Trying to avoid Chingy songs over the last year would be like trying to run away from oxygen: You could do it, but at what price? From the bouncy "Right Thurr" through the massive "Holidae In" to the softer "One Call Away," Chingy ruled the charts and moved huge amounts of his debut album, Jackpot. But more importantly, he proved that a St. Louis rapper outside of Nelly's camp could hit big, making us more than a one-trick pony in the national hip-hop scene.
Jia Davis rebuilt himself this year, rising from the ashes of Bits N Pieces (the group he formed with his now-deceased brother Katt), to release one of the best local hip-hop albums, Experienced (released on local label F5).

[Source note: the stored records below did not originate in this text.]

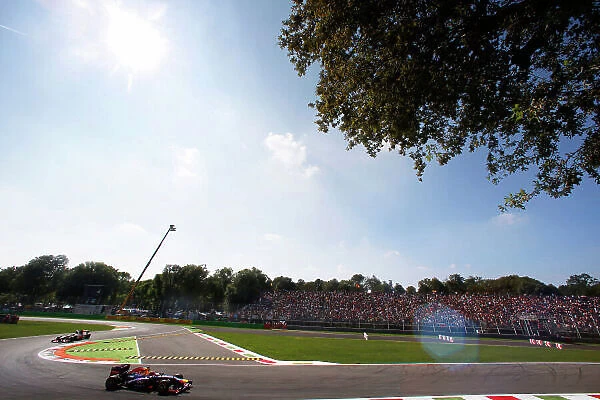 Autodromo Nazionale di Monza, Monza, Italy. 6th September 2013. Sebastian Vettel, Red Bull RB9 Renault. World Copyright: Charles Coates / LAT Photographic. ref: Digital Image _N7T0736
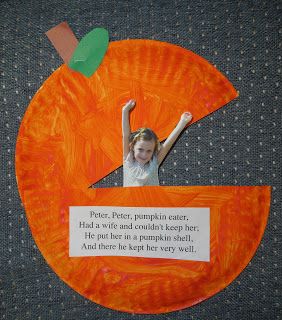 Ginger's 5K Daily Bread: More Pumpkin Fun! Nursery Rhyme Decorations, Apple Centers, Pumpkin Investigation, Pumpkin Centers, Nursery Rhyme Crafts, Pumpkins Preschool, Peter Pumpkin Eater, Peter Peter Pumpkin Eater, Peter Pumpkin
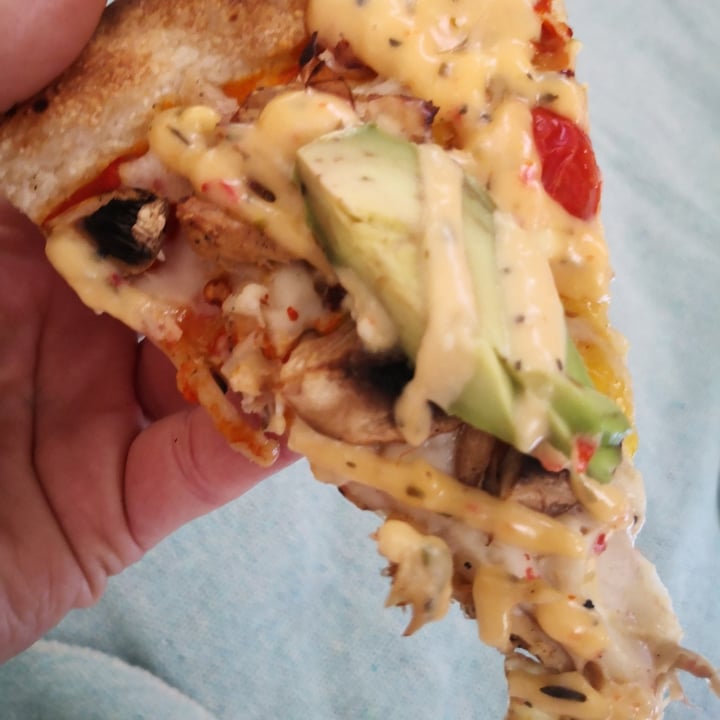photo of Vegan Streetfood Deli - Obs Chickless Mayo Pizza shared by @liezle on  15 Sep 2022 - review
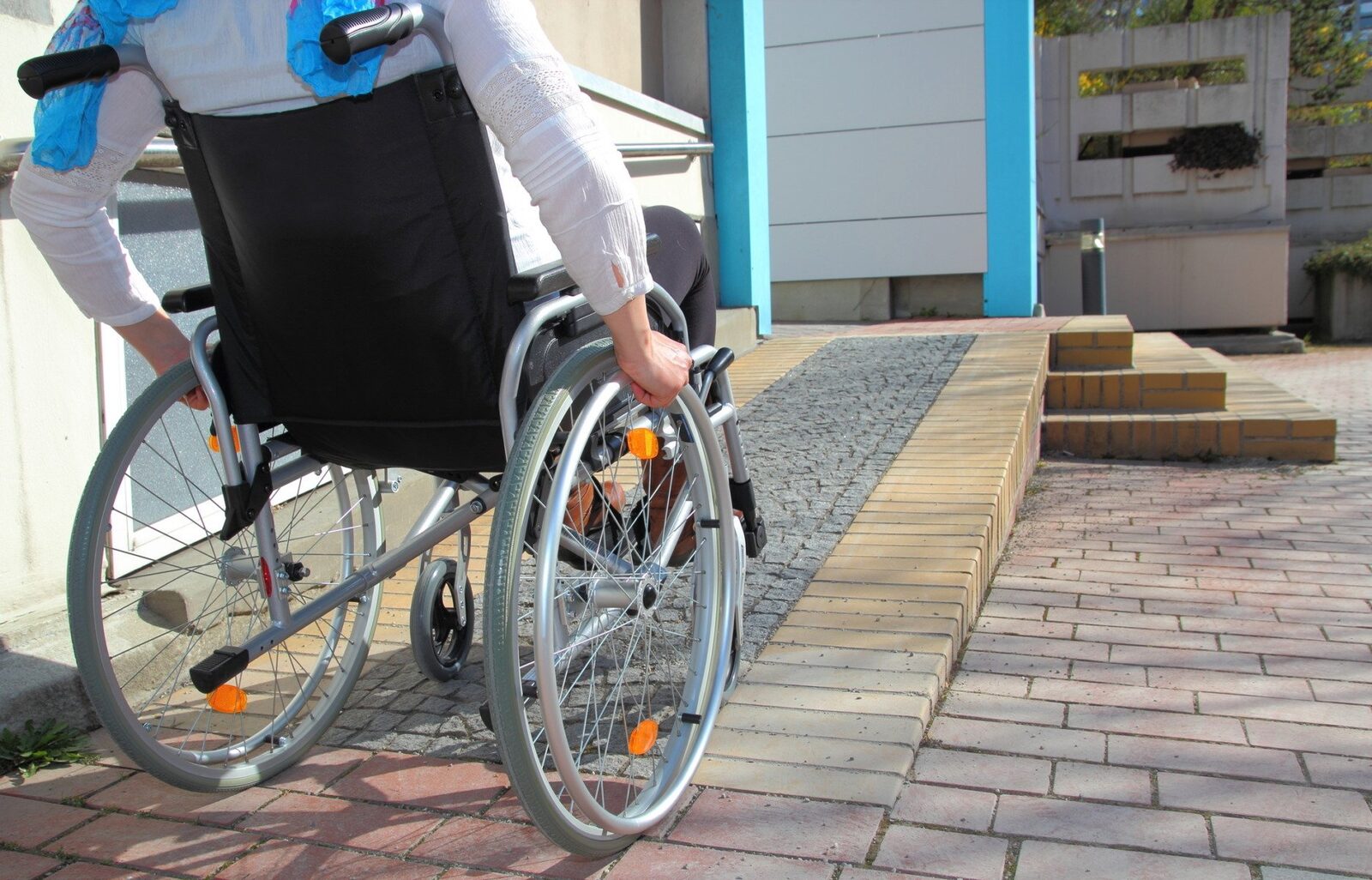 Autoritatea pentru Protectia Drepturilor Persoanelor cu Dizabilități lansează perioada de pre-înregistrare pentru vouchere în valoare de aproape 40.000 de lei pentru echipamente precum scaune rulante, suporturi, orteze, proteze, aparate auditive și dispozitive de citire a ecranului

While the album does recall the politically charged songs of Bits N Pieces' heyday, it also showcases the work of a changed man dealing with a different world. A mix of soul-searching and laid-back party tracks, Experienced shows that, at least for one smooth-flowing rapper, there is life after death. 10 p.m., Elvis Room
Turning eighteen the same week his debut album, Hood Hop, dropped onto the nation, J-Kwon is the fresh-faced new guard of St. Louis rap. And it's all based on "Tipsy," a monster of a song with a beat (courtesy of local producers the Trackboyz) that pins you down while J-Kwon's languid flow washes over you. The song has moved from the strip clubs to Busch Stadium, where the tune warms up the crowd for Jim Edmond's at-bats. I can think of no better metaphor for the success of St. Louis rap.